DATA LISTING:
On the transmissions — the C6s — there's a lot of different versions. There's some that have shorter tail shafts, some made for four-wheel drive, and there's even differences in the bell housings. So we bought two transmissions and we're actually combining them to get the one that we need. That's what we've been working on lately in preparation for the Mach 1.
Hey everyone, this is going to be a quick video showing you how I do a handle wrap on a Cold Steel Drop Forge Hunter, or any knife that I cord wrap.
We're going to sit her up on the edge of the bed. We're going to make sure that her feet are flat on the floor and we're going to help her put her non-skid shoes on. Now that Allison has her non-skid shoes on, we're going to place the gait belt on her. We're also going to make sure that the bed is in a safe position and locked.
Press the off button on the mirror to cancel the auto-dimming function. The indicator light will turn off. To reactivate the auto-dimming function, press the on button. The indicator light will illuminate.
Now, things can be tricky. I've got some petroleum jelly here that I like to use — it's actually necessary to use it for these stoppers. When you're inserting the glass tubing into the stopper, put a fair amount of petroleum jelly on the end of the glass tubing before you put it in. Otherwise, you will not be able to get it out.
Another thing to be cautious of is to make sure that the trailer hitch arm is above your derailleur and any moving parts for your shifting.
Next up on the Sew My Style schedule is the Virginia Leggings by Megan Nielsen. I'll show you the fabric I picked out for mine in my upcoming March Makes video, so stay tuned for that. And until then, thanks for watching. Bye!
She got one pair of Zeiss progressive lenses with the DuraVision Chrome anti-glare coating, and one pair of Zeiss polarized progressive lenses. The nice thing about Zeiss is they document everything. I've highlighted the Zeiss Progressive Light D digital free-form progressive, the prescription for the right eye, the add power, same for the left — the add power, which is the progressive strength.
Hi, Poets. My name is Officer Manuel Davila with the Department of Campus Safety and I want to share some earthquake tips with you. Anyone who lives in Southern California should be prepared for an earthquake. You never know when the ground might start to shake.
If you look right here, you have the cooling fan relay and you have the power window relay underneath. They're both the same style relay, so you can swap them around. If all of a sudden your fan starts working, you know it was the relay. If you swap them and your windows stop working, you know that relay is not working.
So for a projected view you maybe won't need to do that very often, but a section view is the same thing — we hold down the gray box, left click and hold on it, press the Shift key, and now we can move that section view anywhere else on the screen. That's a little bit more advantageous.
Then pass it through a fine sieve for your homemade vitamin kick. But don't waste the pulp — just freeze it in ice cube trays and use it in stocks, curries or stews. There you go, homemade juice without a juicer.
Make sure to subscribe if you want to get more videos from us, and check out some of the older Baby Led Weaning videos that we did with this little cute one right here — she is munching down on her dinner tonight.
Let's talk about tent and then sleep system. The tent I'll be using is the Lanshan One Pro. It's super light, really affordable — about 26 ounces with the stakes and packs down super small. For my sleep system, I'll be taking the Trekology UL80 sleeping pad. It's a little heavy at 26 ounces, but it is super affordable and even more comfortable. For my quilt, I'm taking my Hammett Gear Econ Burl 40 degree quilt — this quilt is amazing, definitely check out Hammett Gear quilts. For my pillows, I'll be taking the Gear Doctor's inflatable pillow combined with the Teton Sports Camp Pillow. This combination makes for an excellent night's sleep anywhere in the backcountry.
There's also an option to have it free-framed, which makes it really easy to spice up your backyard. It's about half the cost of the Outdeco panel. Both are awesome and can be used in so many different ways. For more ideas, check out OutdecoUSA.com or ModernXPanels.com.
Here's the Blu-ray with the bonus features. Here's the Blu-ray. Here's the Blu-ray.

WHAT TO WORK ON: Where a line in the records above contains the string "left", return that line.

OUTPUT FOR THIS EXERCISE:
She got one pair of Zeiss progressive lenses with the DuraVision Chrome anti-glare coating, and one pair of Zeiss polarized progressive lenses. The nice thing about Zeiss is they document everything. I've highlighted the Zeiss Progressive Light D digital free-form progressive, the prescription for the right eye, the add power, same for the left — the add power, which is the progressive strength.
So for a projected view you maybe won't need to do that very often, but a section view is the same thing — we hold down the gray box, left click and hold on it, press the Shift key, and now we can move that section view anywhere else on the screen. That's a little bit more advantageous.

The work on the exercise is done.